A concept we tend to be aware of before pregnancy, knowing we should probably do our pelvic floor exercises and maybe remembering to do them once a year (no shame there, as I was totally guilty of that too).
Then once pregnant we often find ourselves a lot more aware of these exercises and perhaps feeling a little panicked we never did them beforehand.
Pelvic Floor Exercises are something so important, but also something so easy to neglect.
The pelvic floor is made up of a combination of fibres known as:
Slow Twitch Fibres - these contract slowly and provide us with toning at all times.
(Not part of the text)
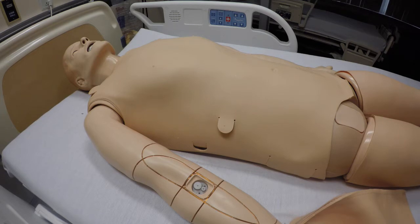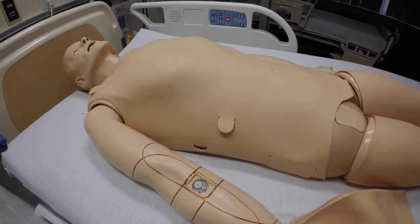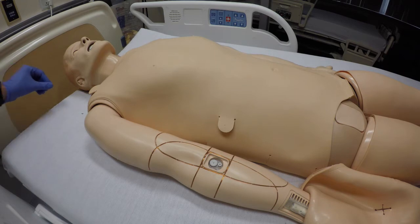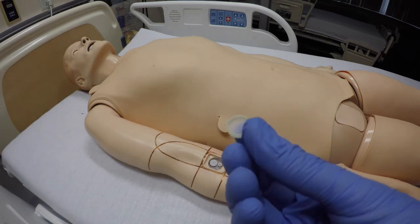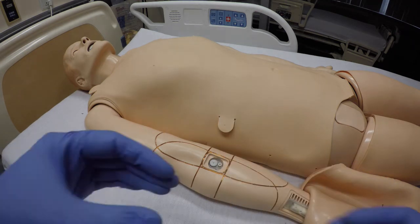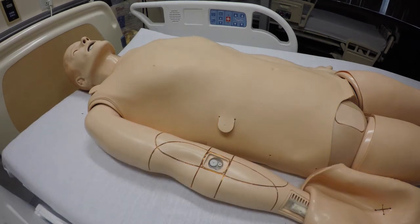Today we're going to be customizing the SimMan 3G right IV arm. What's happening is that when we're trying to push fluid through with the stock IV arm for 3G, it's not allowing fluid through or there's a lot of resistance. This is caused by a number of factors — it could be the filter that's in there, it could be clogged up, or it's the mechanism in there causing the issue.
Fast Twitch Fibres - contracting quickly, and providing toning when we cough, sneeze or laugh.
We ideally want to work both sets of fibres when we perform our Pelvic Floor Exercises, and these are worked in separate ways:
Long holds of the pelvic floor help to tone our slow twitch fibres,
Whilst pulsing holds help us to engage our fast twitch fibres.
(I have just uploaded a new video guiding through sets of these exercises on the Yoga, Birth and Beyond Online Studio)
We want to try and repeat these exercises daily, or even better, multiple times a day, remembering to breathe whilst we do these, as it is so easy to hold our breath!
Remembering that both the hold, and the release are important parts of these exercises (as in childbirth we want to be able to actively release and relax our pelvic floor muscles to help our baby pass through).
Pelvic Floor Exercises also play a key role in childbirth by helping to prevent tearing, aiding with a faster recovery after birth, as well as working with the body to help give birth to your baby.
Apps such as Squeezy can help remind you to do your exercises, or you can set a reminder on your phone, or even allocate a specific time of day when you do them (perhaps when you first wake up, or even when you’re waiting for the kettle to boil for your morning tea).